> **Dataset content**:
◆ ◆ ◆

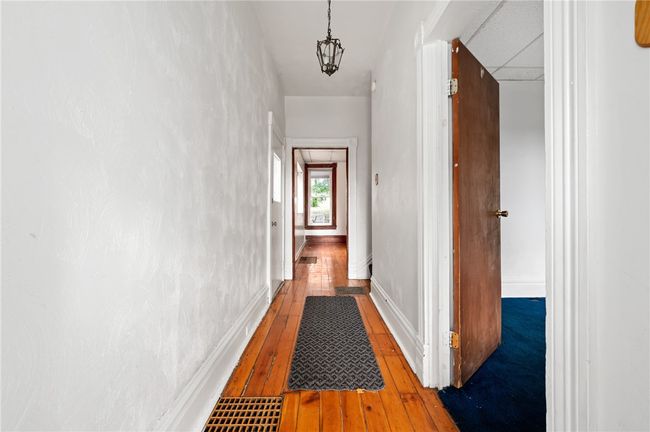 3336 Ward St, House other with 4 bedrooms, 2 bathrooms and null parking in Oakland PA | Image 10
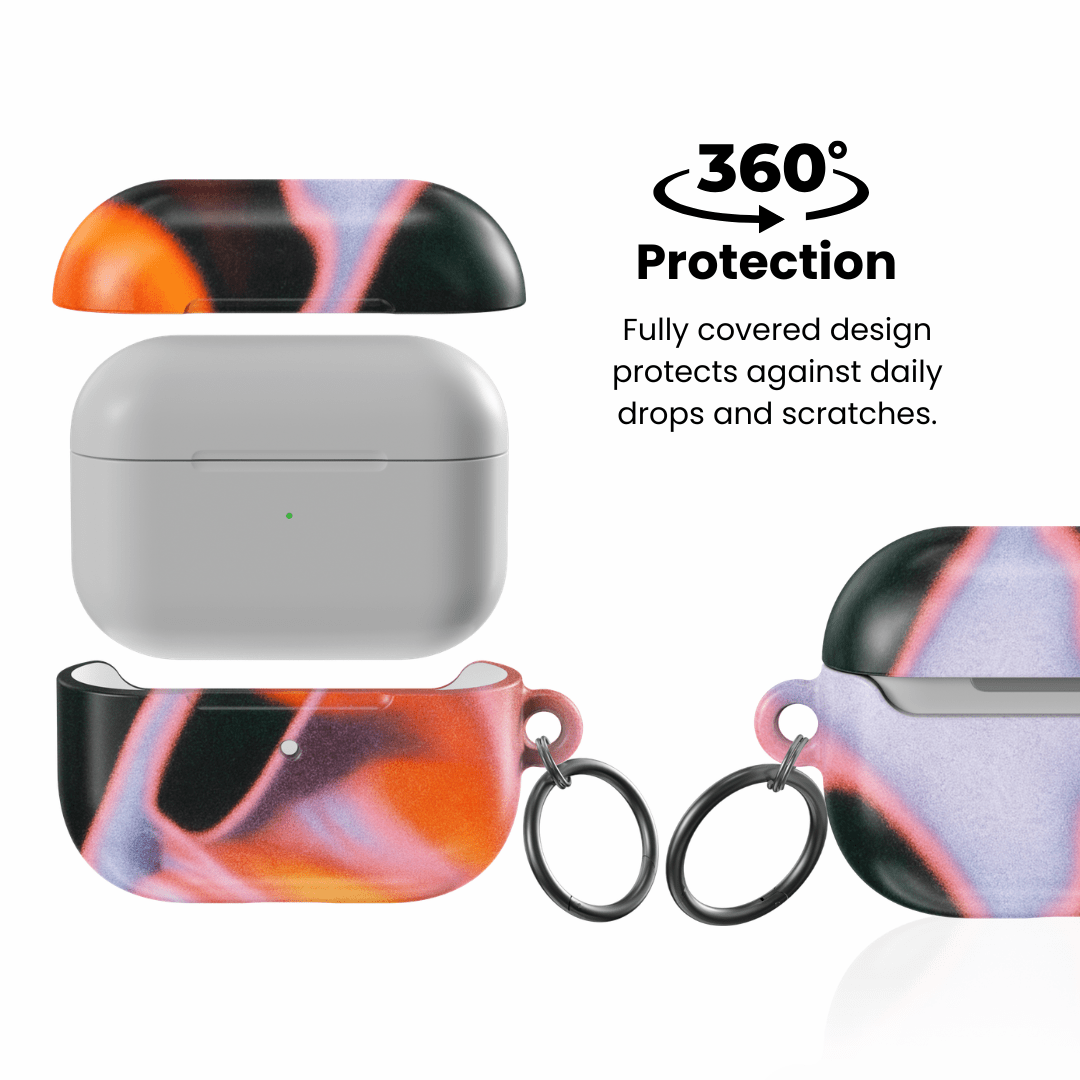 Twist AirPod Case - Blunt Cases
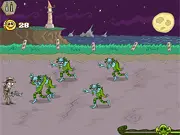 Zombie Book
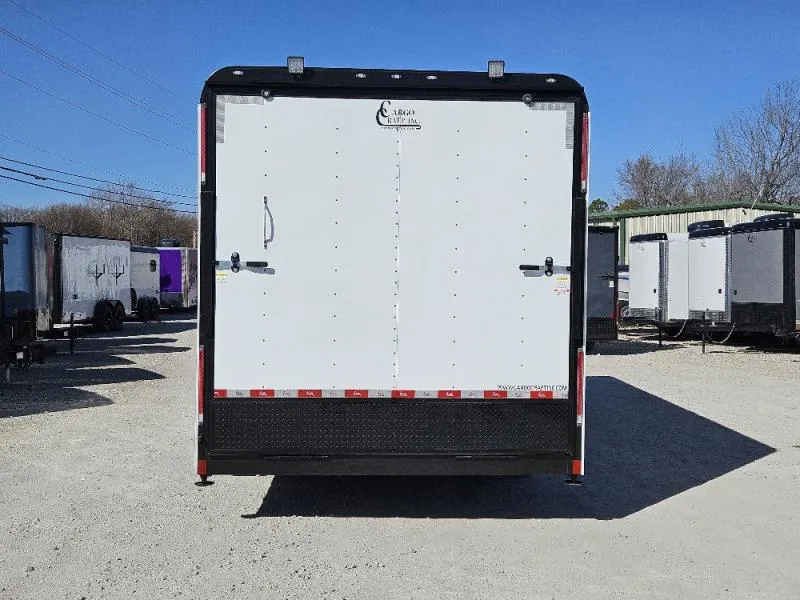 used Other Trailers Cargo Craft  for sale, in Broken Arrow, OK Thumbnail 3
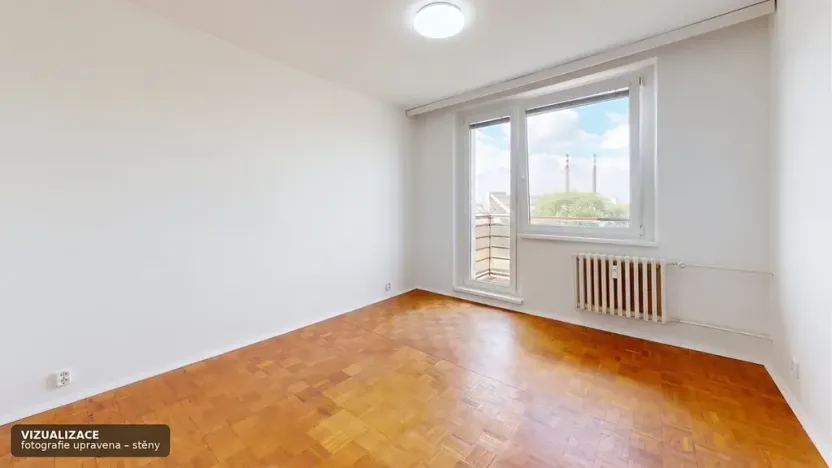 Prodej bytu 3+1, Hodonín, Sadová, 73 m2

◆ ◆ ◆

> **What the task requires**:
For each record, return its text exactly and leave any picture out.

> **Expected answer**:
 3336 Ward St, House other with 4 bedrooms, 2 bathrooms and null parking in Oakland PA | Image 10
 Twist AirPod Case - Blunt Cases
 Zombie Book
 used Other Trailers Cargo Craft  for sale, in Broken Arrow, OK Thumbnail 3
 Prodej bytu 3+1, Hodonín, Sadová, 73 m2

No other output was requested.